The income tax benefit was $4,028,000 for the first six months of 2003
compared to an income tax benefit of $529,000 for the first six months of 2002.
The decrease in income tax expense can be primarily attributed to the decrease
in pretax net income resulting from the additional provision for loan losses.
The income tax benefit for the quarter ending June 30, 2003 was $4,157,000
compared to a tax benefit of $789,000 during the same period of 2002.

The annualized returns on stockholders' equity and on average assets
were approximately (25.77)% and (2.23)% for the six months ended June 30, 2003
compared to (3.28)% and (0.28)% for the same period in 2002.


B. Financial Position

Total assets at June 30, 2003 decreased $14.8 million or 2.2% to $662.8
million from the $677.6 million at December 31, 2002. This decrease is largely
due to the year-to-date loss resulting from the $12.1 million provision for loan
losses, a $3.9 million decrease in deposits, and the $3.0 million early
redemption of the Company's preferred debentures in March 2003.

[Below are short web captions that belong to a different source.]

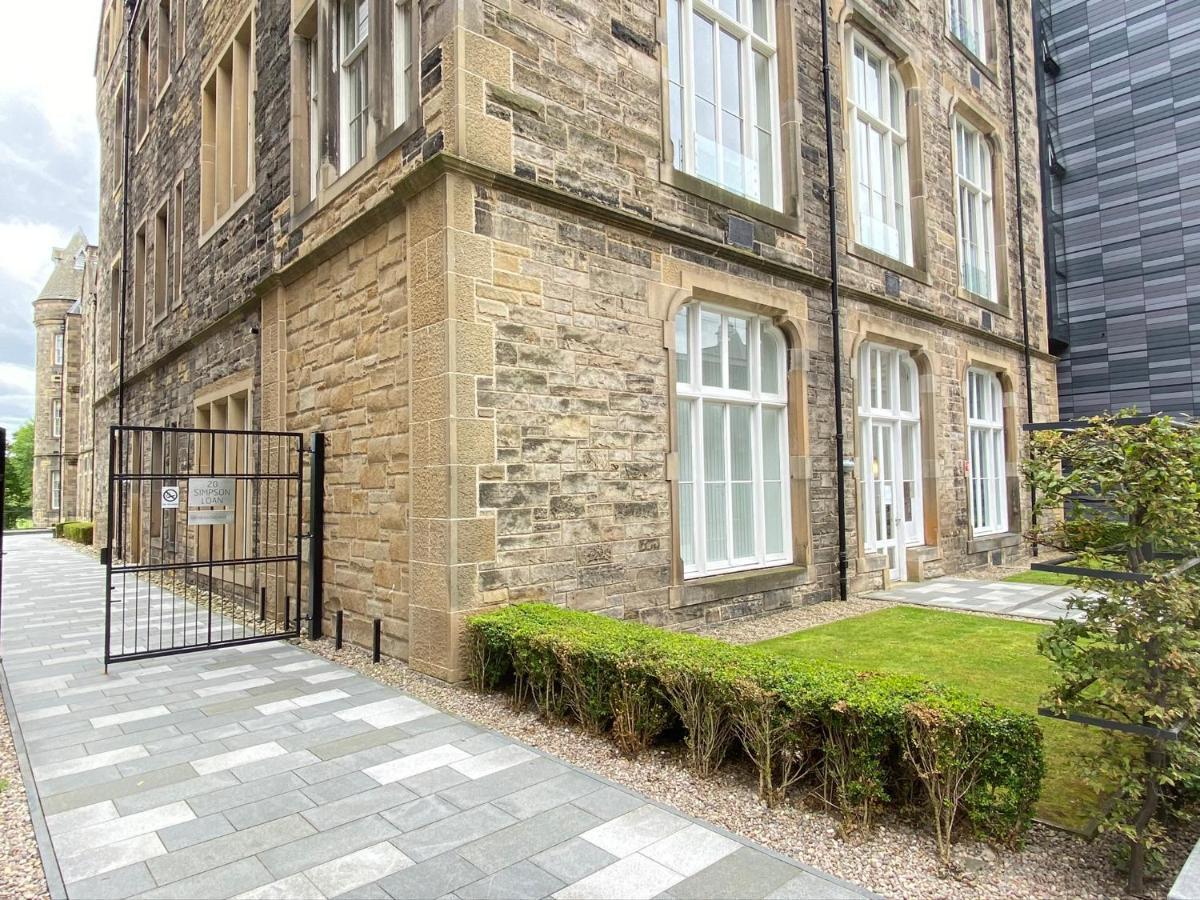 Apartment City Centre Castle Walk Edinburgh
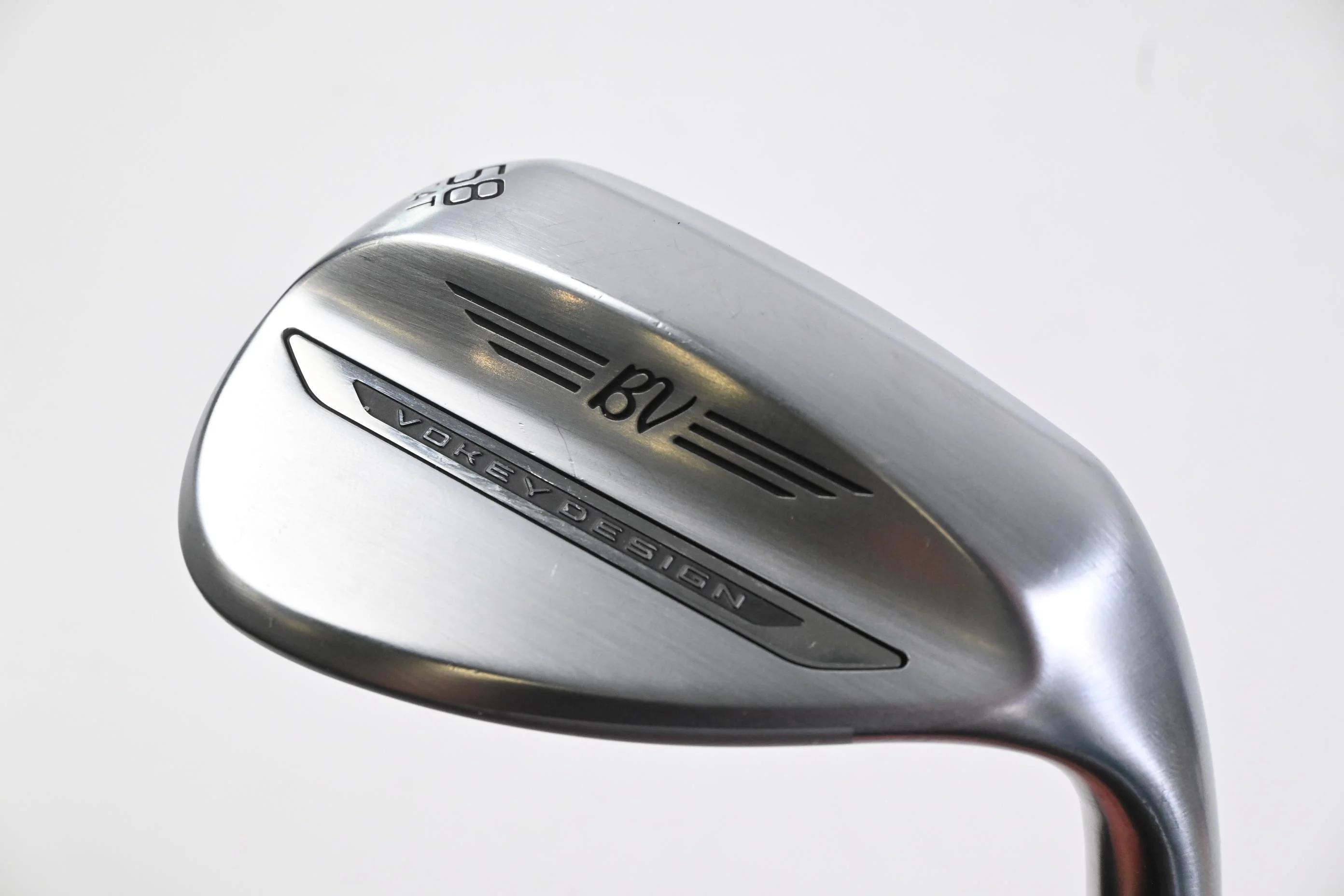 Titleist Vokey SM11 Lob Wedge / 58 Degree / Wedge Flex Vokey Design Shaft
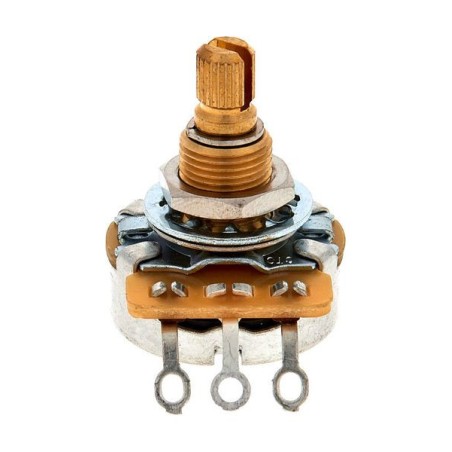 Gibson PPAT-059 500K Short Shaft Historic Potentiometer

Earning assets decreased to $612.2 at June 30, 2003 from the $627.3
million at December 31, 2002, a decrease of $15.1 million, or 2.4%. The decrease
is largely due to a $28.2 million decline in net loans (see below), partially
offset by a $6.5 million increase in cash and due from banks and a $9.5 million
increase in federal funds sold.

Cash and due from banks at June 30, 2003 was $24.6 million, a $6.5
million increase from $18.0 million on December 31, 2002. Likewise, federal
funds sold increased to $39.3 million from the $29.8 million reported at
December 31, 2002, an increase of $9.5 million. Approximately, $11.3 million of
the increase in these liquid assets was at the Bank to satisfy some scheduled
maturities of short-term deposits and to provide increased liquidity for deposit
withdrawals. The remaining increase in these liquid assets was the result of
retaining the liquidity from maturing investments and loan payoffs as part of
Premier's interest rate management strategy. As investments have matured and
loan principal balances have paid down, Premier has been reluctant to reinvest
the proceeds and lock in at the unusually low yields investment securities were
offering. Rather, Premier has elected to keep funds in more short-term
investments in order to take advantage of anticipated increases in interest
rates and to meet loan demand in growing markets. See the additional discussion
on liquidity below.

Total loans at June 30, 2003 were $413.6 million compared to $435.1
million at December 31, 2002, a decrease of $21.5 million. This decrease is due
to various factors. During the first six months of 2003, Premier charged-off
$8.5 million of loans, $6.2 million in June as a result of the Bank
investigation. Premier has continued its efforts to collect the loans retained
from the sale of the Bank of Mt Vernon, reducing their outstanding balances by
approximately $1.5 million during the first six months of 2003. Most of
Premier's other affiliate banks have experienced a significant level of
commercial loan and residential real estate loan payoffs as interest rates have
declined and opportunities for customers to refinance at lower rates have
expanded. Furthermore, the sluggish economy has reduced the consumer demand for
new loans and the resulting competition for new loan volume has increased.
However, two of Premier's banks have continued to increase their loans
outstanding during this time by a combined $4.9 million.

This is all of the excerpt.